**SOURCE MATERIAL**:
..........
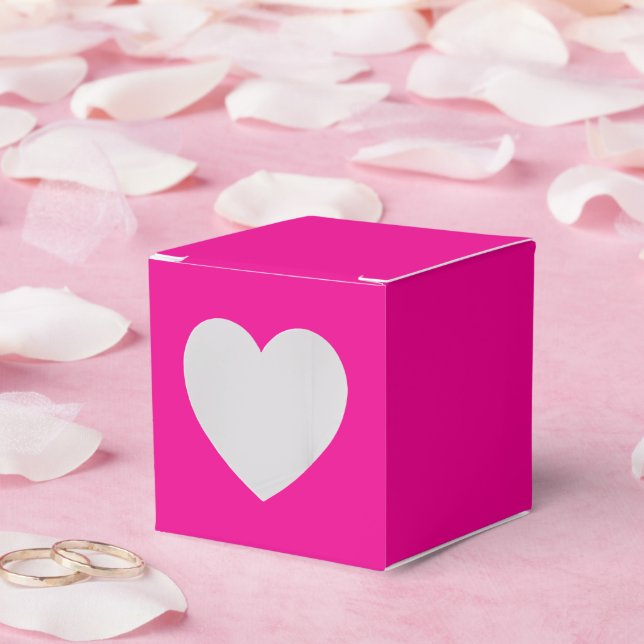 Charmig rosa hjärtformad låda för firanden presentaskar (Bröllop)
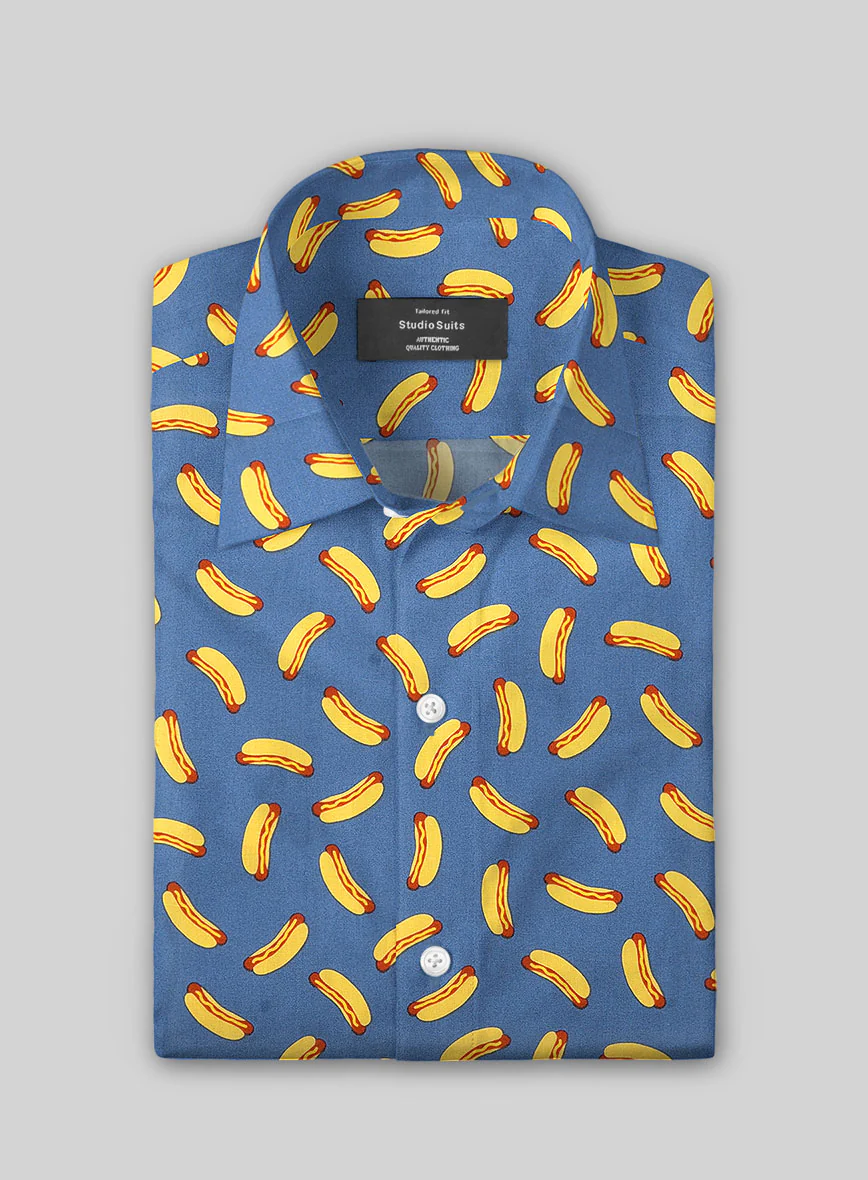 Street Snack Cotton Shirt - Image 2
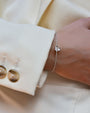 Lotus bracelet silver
..........
**WHAT IS REQUIRED**: Transcribe the listing in full and omit the pictures.

**ANSWER TO THE PROBLEM**:
 Charmig rosa hjärtformad låda för firanden presentaskar (Bröllop)
 Street Snack Cotton Shirt - Image 2
 Lotus bracelet silver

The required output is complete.